It’s quick and responsive, reacting to multi-touch and the amount of pressure the user applies. It also adapts quite quickly as you toggle between different apps. It’s a really cool and really versatile new addition — like having a small mobile display embedded directly into the notebook.
As with the onstage demo, most of what the Touch Bar functionality Apple was showing off post-event involved its own proprietary applications — though I did see a brief demo of Excel, which was, as with Excel itself, a bit complicated to grok during a quick walk-through. With its software, on the other hand, the functionality was largely intuitive.
I could see myself getting the most use out of music playback, which includes a lot of the functionality currently built into the function keys, along with track scrubbing — something else that will likely appeal to video editors. It’s not quite the Surface Studio, but it’s easy to see how the company is essentially using the second display as a surrogate for touchscreens — something it has long refused to include in its line of computers.
On a whole, color is used sparingly with the buttons, in-line with the keyboard itself, though some is used here and there to highlight some functionality — the flag in email is red, for example. Emojis, on the other hand, are a regular explosion of color. And they’ve invaded the MacBook in a big way.

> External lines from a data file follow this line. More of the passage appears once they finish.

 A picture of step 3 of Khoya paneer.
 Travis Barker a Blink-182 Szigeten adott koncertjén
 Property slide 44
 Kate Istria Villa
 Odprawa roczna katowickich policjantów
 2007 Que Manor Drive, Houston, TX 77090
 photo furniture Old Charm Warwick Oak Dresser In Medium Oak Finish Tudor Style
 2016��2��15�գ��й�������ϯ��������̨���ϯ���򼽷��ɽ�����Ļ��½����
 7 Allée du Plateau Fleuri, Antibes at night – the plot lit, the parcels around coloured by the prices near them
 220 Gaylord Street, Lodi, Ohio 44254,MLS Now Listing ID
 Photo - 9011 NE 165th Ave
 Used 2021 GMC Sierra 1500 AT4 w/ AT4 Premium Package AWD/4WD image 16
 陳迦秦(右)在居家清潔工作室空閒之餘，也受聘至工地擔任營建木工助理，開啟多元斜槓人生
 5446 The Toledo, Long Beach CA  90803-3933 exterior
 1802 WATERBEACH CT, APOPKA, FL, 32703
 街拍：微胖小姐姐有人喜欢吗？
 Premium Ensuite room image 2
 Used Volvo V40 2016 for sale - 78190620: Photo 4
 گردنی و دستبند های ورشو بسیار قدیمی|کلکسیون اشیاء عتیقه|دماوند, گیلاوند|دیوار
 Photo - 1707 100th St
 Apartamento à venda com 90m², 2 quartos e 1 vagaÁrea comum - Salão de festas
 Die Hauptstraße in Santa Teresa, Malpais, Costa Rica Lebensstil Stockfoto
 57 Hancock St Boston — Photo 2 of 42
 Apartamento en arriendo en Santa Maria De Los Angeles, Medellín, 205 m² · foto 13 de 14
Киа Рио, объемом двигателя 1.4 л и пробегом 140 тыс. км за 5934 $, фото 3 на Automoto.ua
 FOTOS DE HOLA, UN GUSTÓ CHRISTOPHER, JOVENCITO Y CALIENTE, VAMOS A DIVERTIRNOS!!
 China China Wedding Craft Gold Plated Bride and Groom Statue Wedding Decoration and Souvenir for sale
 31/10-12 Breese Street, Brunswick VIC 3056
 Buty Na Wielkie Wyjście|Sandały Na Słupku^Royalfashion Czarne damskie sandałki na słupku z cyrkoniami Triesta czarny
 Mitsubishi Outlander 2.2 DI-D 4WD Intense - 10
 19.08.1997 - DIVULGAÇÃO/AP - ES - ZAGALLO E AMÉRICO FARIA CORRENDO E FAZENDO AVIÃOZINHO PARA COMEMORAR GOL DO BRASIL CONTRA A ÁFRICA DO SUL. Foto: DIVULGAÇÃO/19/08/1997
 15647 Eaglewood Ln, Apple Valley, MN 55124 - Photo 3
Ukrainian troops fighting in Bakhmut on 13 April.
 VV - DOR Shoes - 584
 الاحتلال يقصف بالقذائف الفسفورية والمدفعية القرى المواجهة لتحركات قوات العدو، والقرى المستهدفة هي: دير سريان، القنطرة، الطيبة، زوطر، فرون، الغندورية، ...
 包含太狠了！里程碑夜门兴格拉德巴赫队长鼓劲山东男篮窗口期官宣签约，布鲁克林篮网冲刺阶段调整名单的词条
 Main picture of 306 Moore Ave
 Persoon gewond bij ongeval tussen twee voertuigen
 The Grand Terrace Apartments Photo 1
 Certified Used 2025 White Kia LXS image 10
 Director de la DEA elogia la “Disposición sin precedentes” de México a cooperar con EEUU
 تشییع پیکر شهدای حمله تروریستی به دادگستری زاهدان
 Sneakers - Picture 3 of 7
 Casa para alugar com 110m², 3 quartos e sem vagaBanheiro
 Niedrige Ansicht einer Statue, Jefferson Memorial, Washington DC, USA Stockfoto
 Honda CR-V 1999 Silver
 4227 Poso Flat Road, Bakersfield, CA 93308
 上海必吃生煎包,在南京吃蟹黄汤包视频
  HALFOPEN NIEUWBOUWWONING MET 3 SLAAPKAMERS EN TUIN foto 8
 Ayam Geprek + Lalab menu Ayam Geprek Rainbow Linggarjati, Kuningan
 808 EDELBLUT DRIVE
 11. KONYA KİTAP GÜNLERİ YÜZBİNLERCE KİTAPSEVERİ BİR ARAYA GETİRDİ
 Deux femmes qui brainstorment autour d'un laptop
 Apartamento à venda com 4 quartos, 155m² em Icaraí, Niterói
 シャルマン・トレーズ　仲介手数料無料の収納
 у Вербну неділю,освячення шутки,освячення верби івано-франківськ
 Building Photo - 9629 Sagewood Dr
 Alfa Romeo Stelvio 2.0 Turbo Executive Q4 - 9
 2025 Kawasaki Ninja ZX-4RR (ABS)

We’ve long been monitoring the continuously blurred line between MacOS and iOS, through features like Control Panel on the desktop. It’s continued here, but it’s happening on a front most didn’t predict: that tiny swath of real estate between the screen and keyboard. Like iOS, the Touch Bar pops up your most frequently used emojis by default. You can also scroll through them. The scrolling is quick and responsive, but I could certainly imagine it getting tedious when the time comes to pull up something more obscure.
The keyboard, meanwhile, is similar to the version on the latest MacBook, featuring an improved version of the Butterfly Switch technology. It felt a little less soft, but unlike the trackpad, the company hasn’t quite mimicked the old-school keyboard. Granted, it’s hard to draw too firm a conclusion having only spent a small amount of time with it, thus far.
Also worth a mention are the speakers, which have been noticeably improved over the last version. They’re both louder and richer. Apple calls them “room-filling,” though I listened to them in a pretty large room. So, more on that, along with everything else when review time rolls around.